--- DESCRIPTION OF THE TASK ---
Range to copy from the entries below: the line containing "2620 Chimney Rock" through the line containing "Masked Plover Plover", inclusive. Retype only those lines, exactly, without any images.

#### DATA PROVIDED

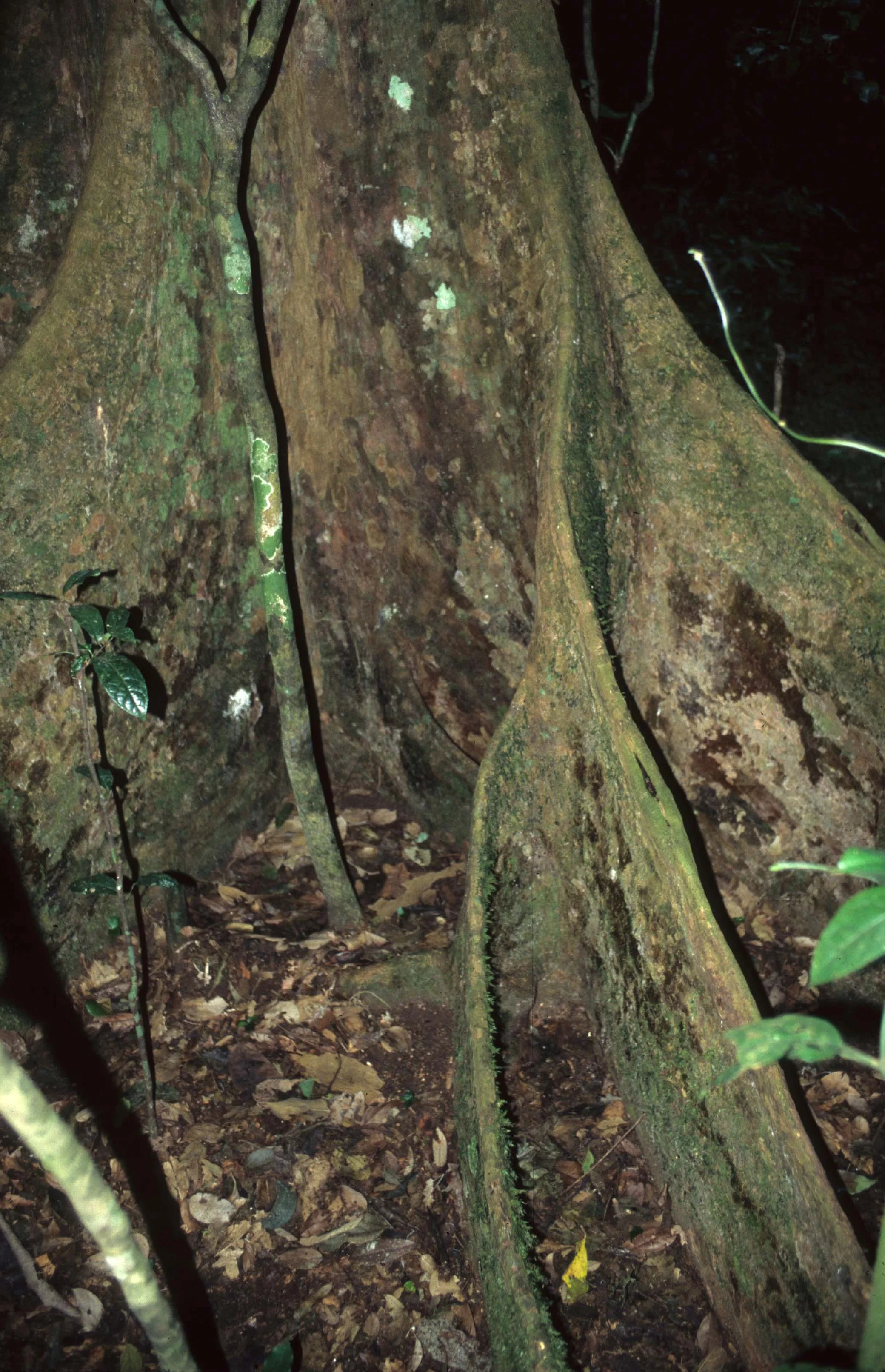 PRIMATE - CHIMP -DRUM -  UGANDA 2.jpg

########
#### DATA PROVIDED

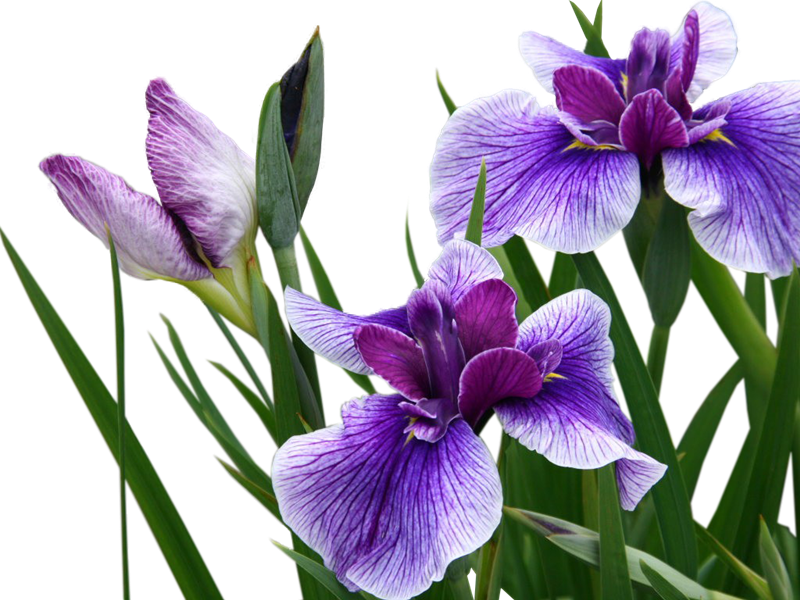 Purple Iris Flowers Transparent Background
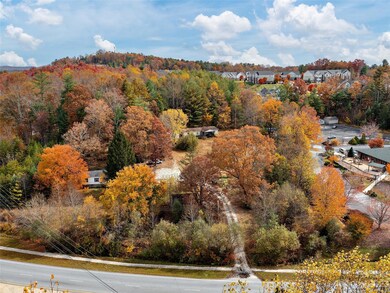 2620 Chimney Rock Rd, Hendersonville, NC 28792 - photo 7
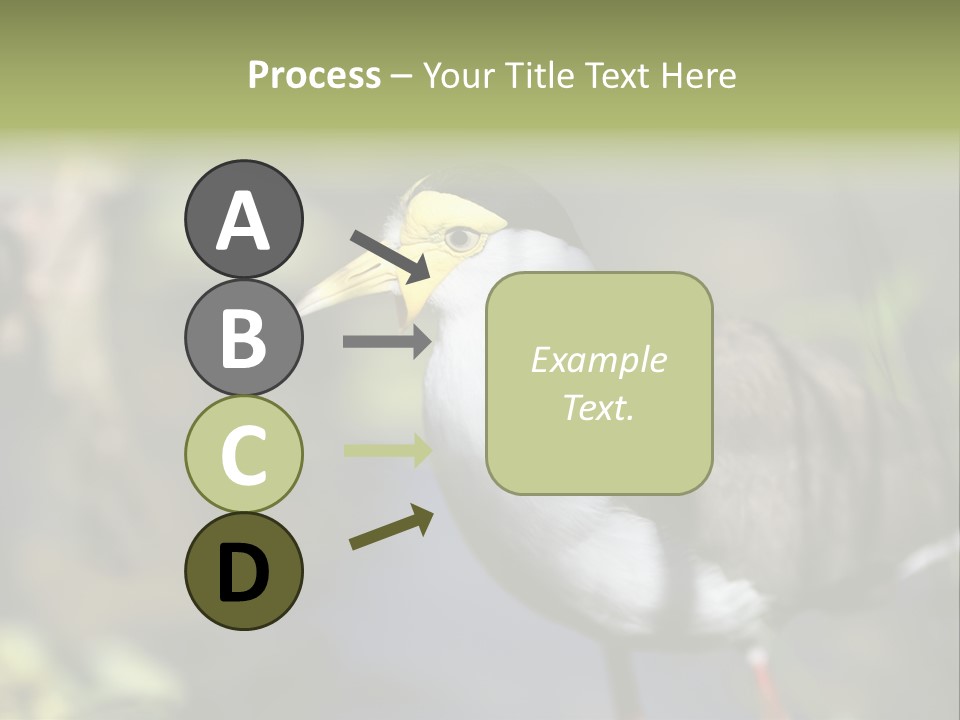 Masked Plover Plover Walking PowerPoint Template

########

--- RESULT ---
 2620 Chimney Rock Rd, Hendersonville, NC 28792 - photo 7
 Masked Plover Plover Walking PowerPoint Template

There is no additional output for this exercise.